WHAT IS EXPECTED: Please give back every entry in full, word for word, but none of the pictures.

SOURCE INFORMATION:
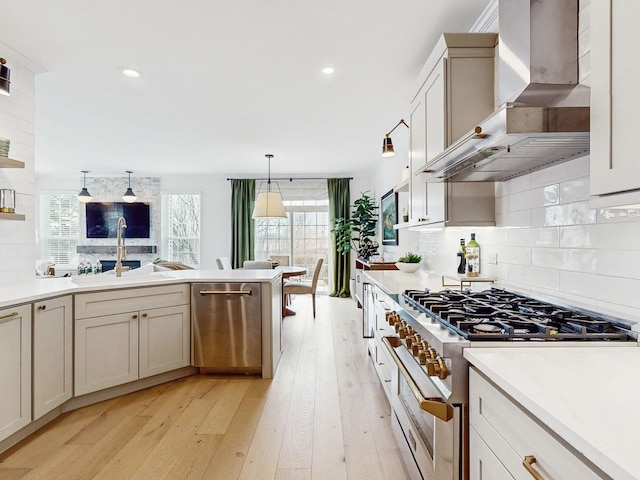 kitchen with appliances with stainless steel finishes, decorative light fixtures, backsplash, wall chimney range hood, and light hardwood / wood-style flooring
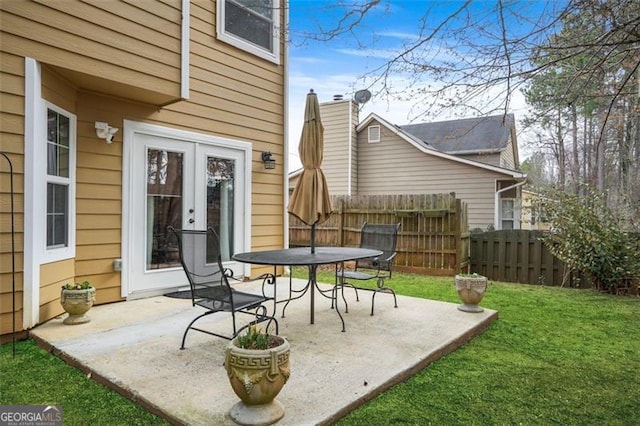 view of patio / terrace with fence and french doors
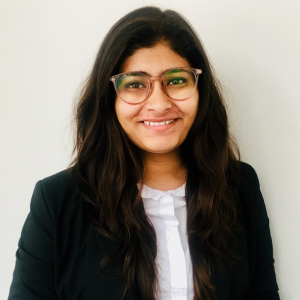 Portrait of Riya in a white shirt and black blazer, smiling against a white background.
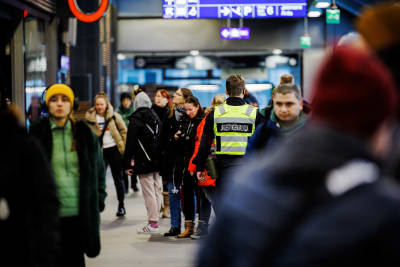 En ordningsvakt i ett folkmyller på Dickursby järnvägsstation.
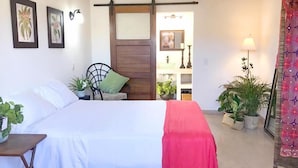 A bedroom with a bed, a chair, and a table. There are potted plants and a lamp. - Casa Botanica (Lo de Marcos)
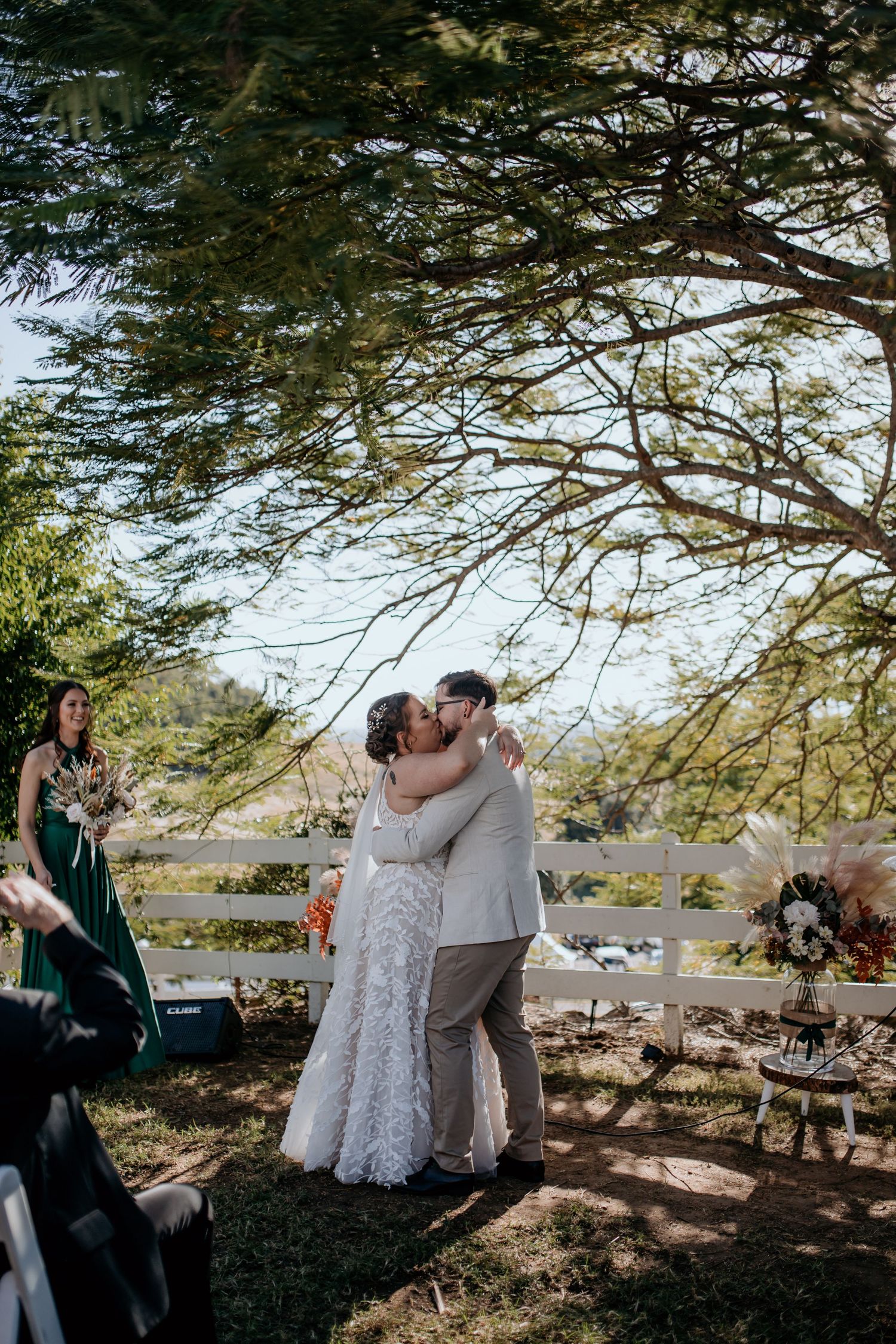 Outdoor wedding ceremony under large trees with guests watching the happy couple.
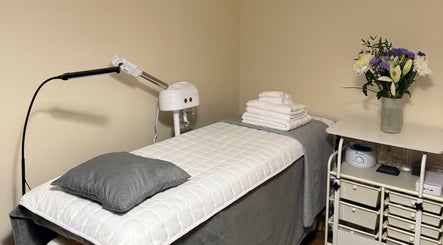 Treatment room with bed and flowers at Faya Beauty Studio, London, England, GB offering a calming ambiance.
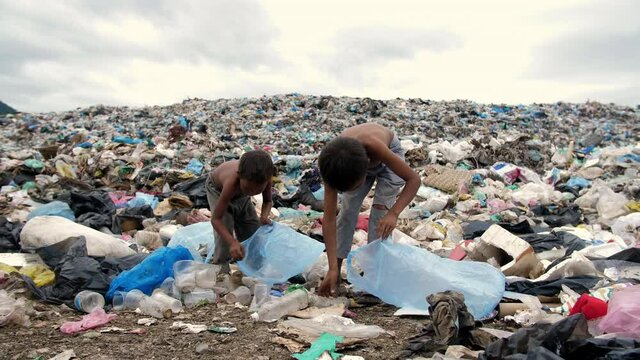Poor Kids Collects Items To Recycle On A Garbage Dump
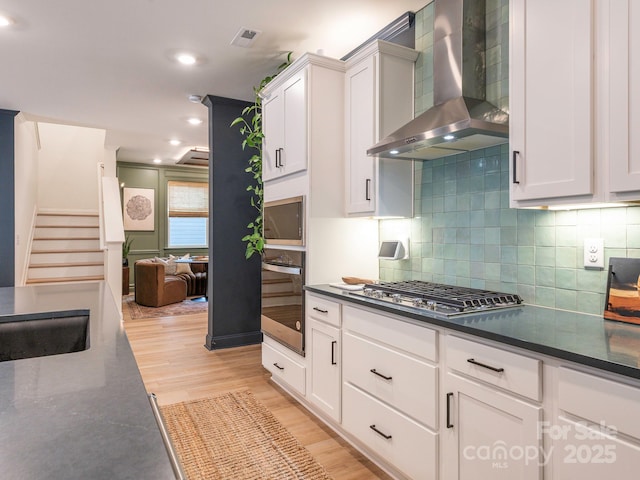 kitchen with dark countertops, wall chimney exhaust hood, wall oven, and stainless steel gas cooktop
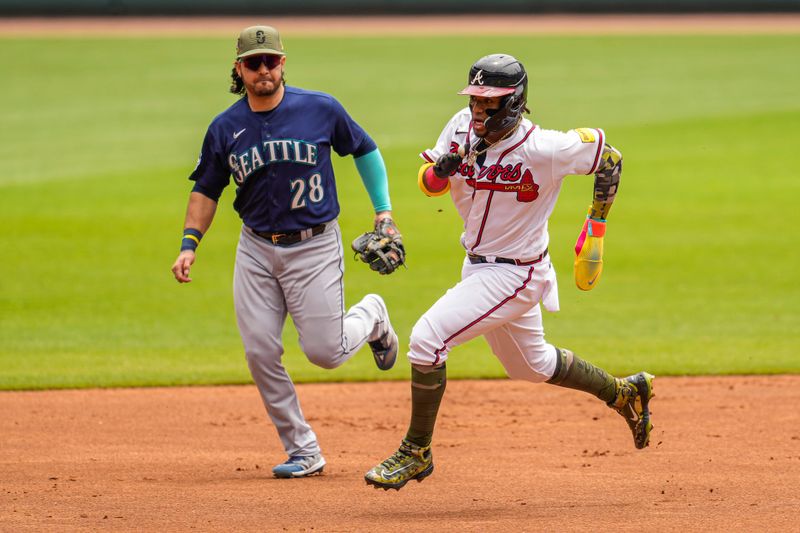 May 21, 2023; Cumberland, Georgia, USA; Atlanta Braves right fielder Ronald Acuna Jr. (13) runs past Seattle Mariners third baseman Eugenio Suarez (28) on his way to scoring a run during the first inning at Truist Park. Mandatory Credit: Dale Zanine-USA TODAY Sports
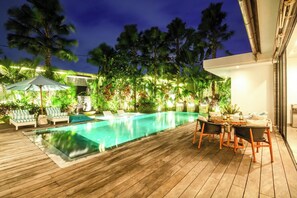 A wooden deck with a swimming pool, lounge chairs, and a table with chairs. - Mette 3br Villa (Canggu)
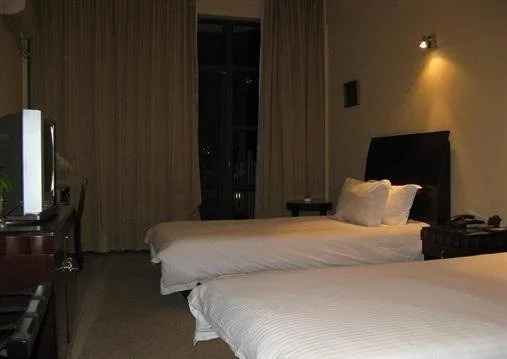 Baolong Homelike Hotel (Luojing Branch)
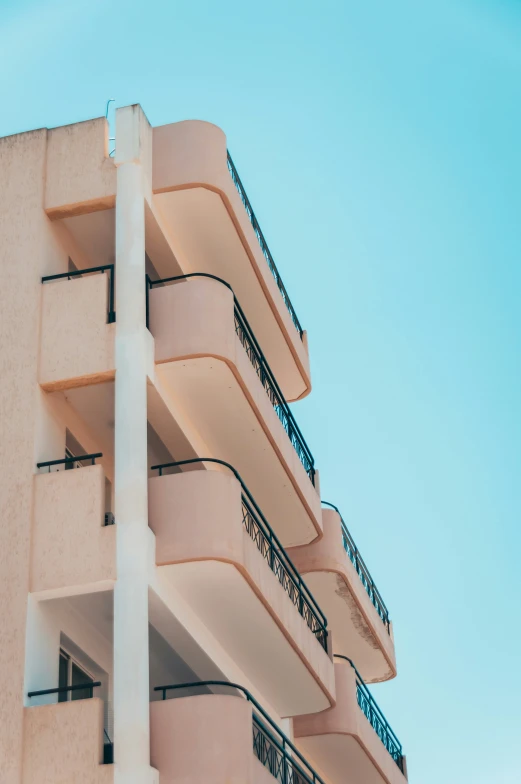 a close - up view of the balconies on a pink building with black wrought - iron balcony railings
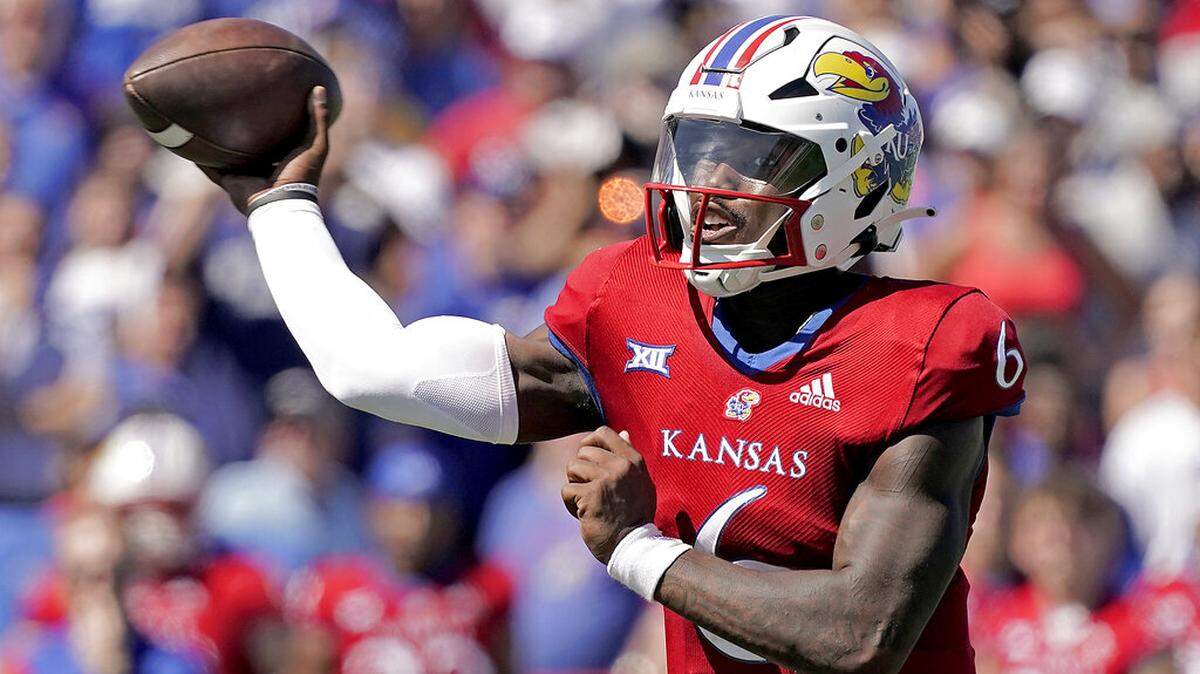 Kansas quarterback Jalon Daniels throws during the second half of an NCAA college football game against Duke Saturday, Sept. 24, 2022, in Lawrence, Kan. (AP Photo/Charlie Riedel)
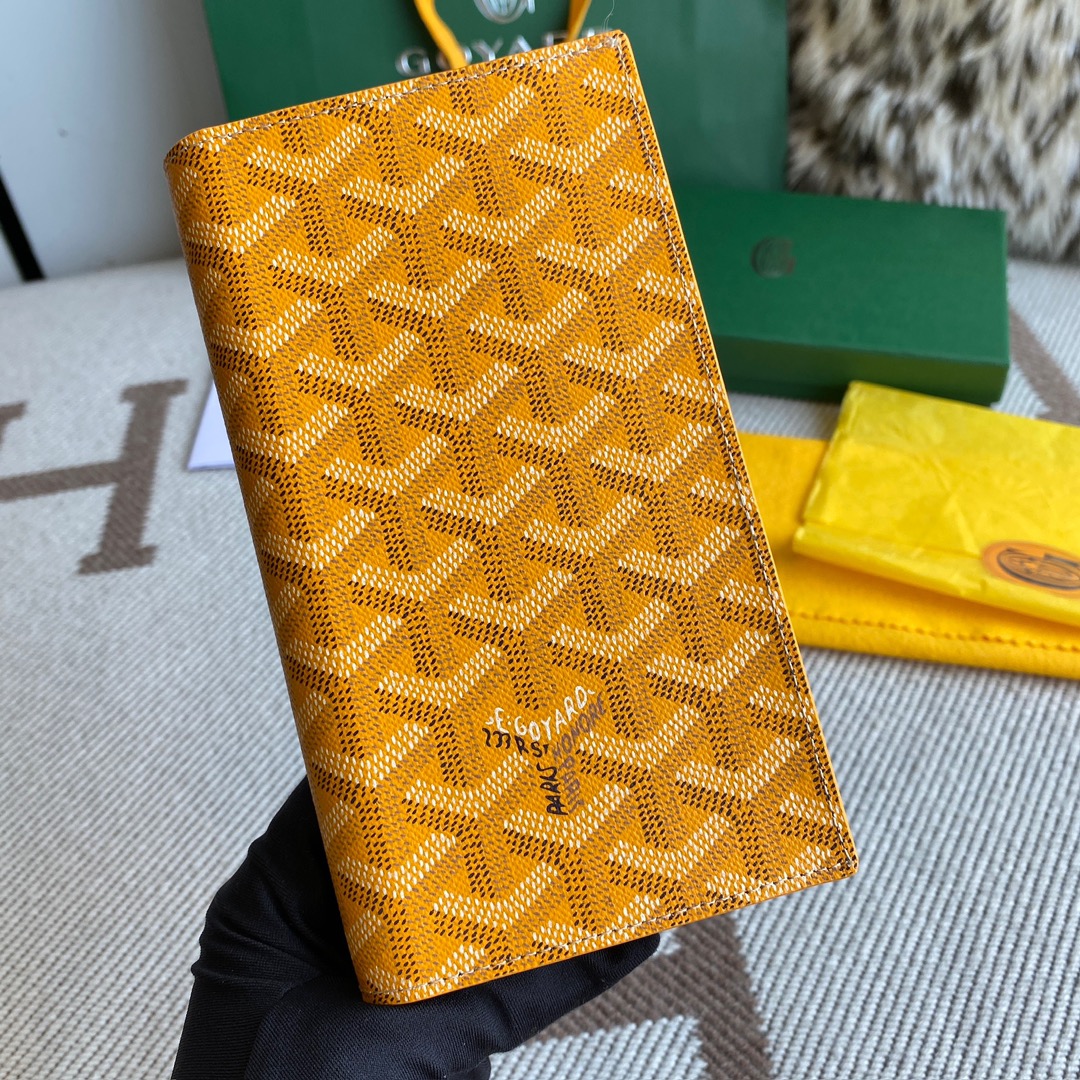 yellow Go*ard saint-lambert wallet is a universal phone case with all the everyday essentials in one
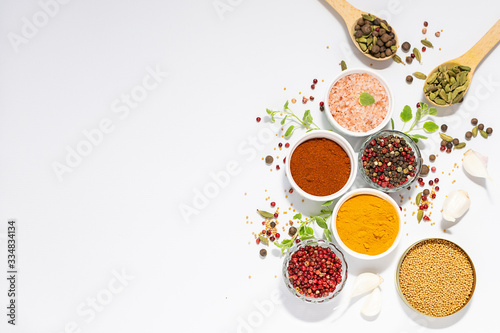 Set of aromatic organic spices and herbs on white background with copy space for your design.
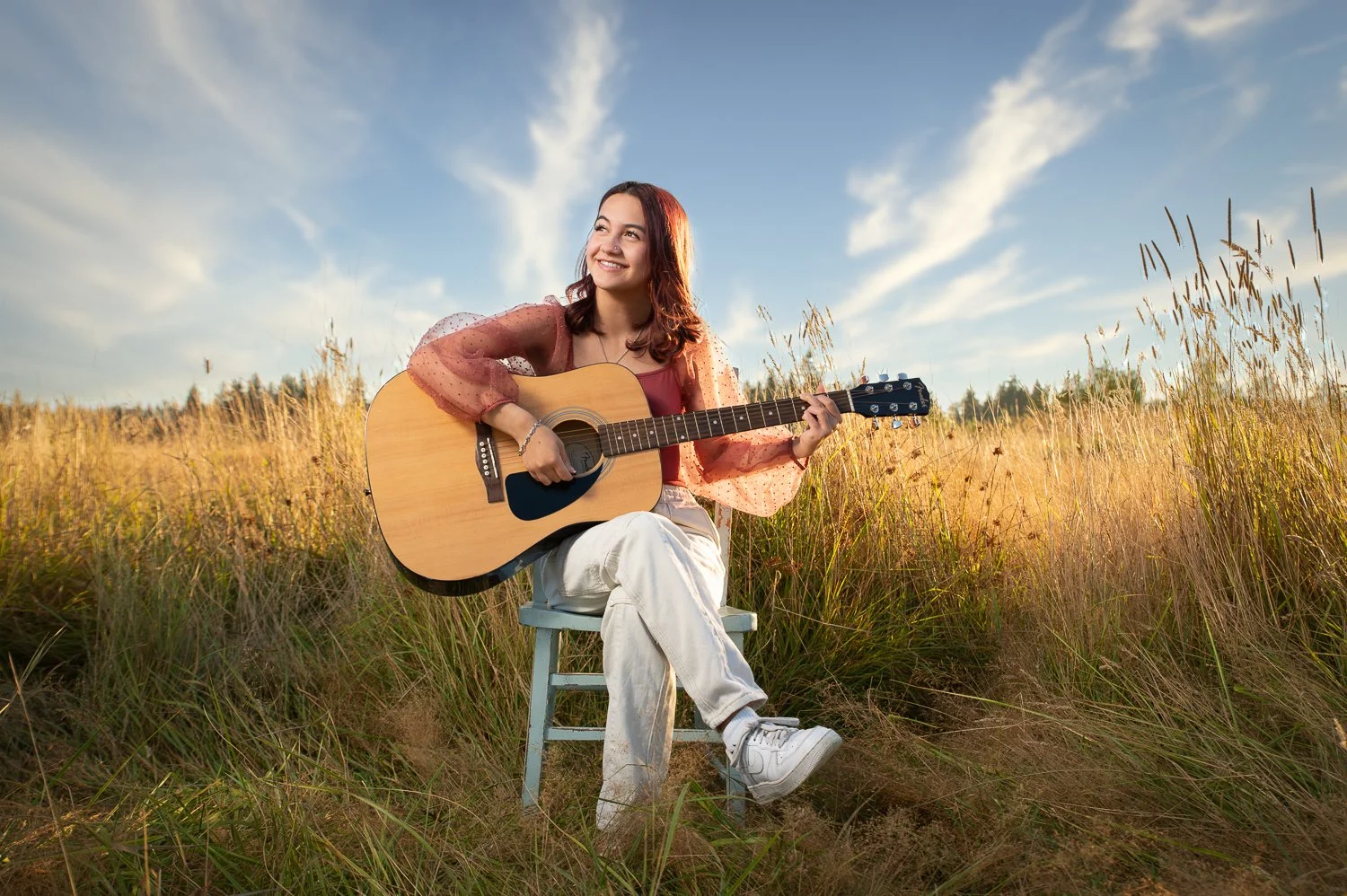 Everett Mill Creek Archbishop Murphy High School senior girl graduate sitting farm field with guitar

RESPONSE FOR THIS EXERCISE:
 kitchen with appliances with stainless steel finishes, decorative light fixtures, backsplash, wall chimney range hood, and light hardwood / wood-style flooring
 view of patio / terrace with fence and french doors
 Portrait of Riya in a white shirt and black blazer, smiling against a white background.
 En ordningsvakt i ett folkmyller på Dickursby järnvägsstation.
 A bedroom with a bed, a chair, and a table. There are potted plants and a lamp. - Casa Botanica (Lo de Marcos)
 Outdoor wedding ceremony under large trees with guests watching the happy couple.
 Treatment room with bed and flowers at Faya Beauty Studio, London, England, GB offering a calming ambiance.
Poor Kids Collects Items To Recycle On A Garbage Dump
 kitchen with dark countertops, wall chimney exhaust hood, wall oven, and stainless steel gas cooktop
 May 21, 2023; Cumberland, Georgia, USA; Atlanta Braves right fielder Ronald Acuna Jr. (13) runs past Seattle Mariners third baseman Eugenio Suarez (28) on his way to scoring a run during the first inning at Truist Park. Mandatory Credit: Dale Zanine-USA TODAY Sports
 A wooden deck with a swimming pool, lounge chairs, and a table with chairs. - Mette 3br Villa (Canggu)
 Baolong Homelike Hotel (Luojing Branch)
 a close - up view of the balconies on a pink building with black wrought - iron balcony railings
 Kansas quarterback Jalon Daniels throws during the second half of an NCAA college football game against Duke Saturday, Sept. 24, 2022, in Lawrence, Kan. (AP Photo/Charlie Riedel)
 yellow Go*ard saint-lambert wallet is a universal phone case with all the everyday essentials in one
 Set of aromatic organic spices and herbs on white background with copy space for your design.
 Everett Mill Creek Archbishop Murphy High School senior girl graduate sitting farm field with guitar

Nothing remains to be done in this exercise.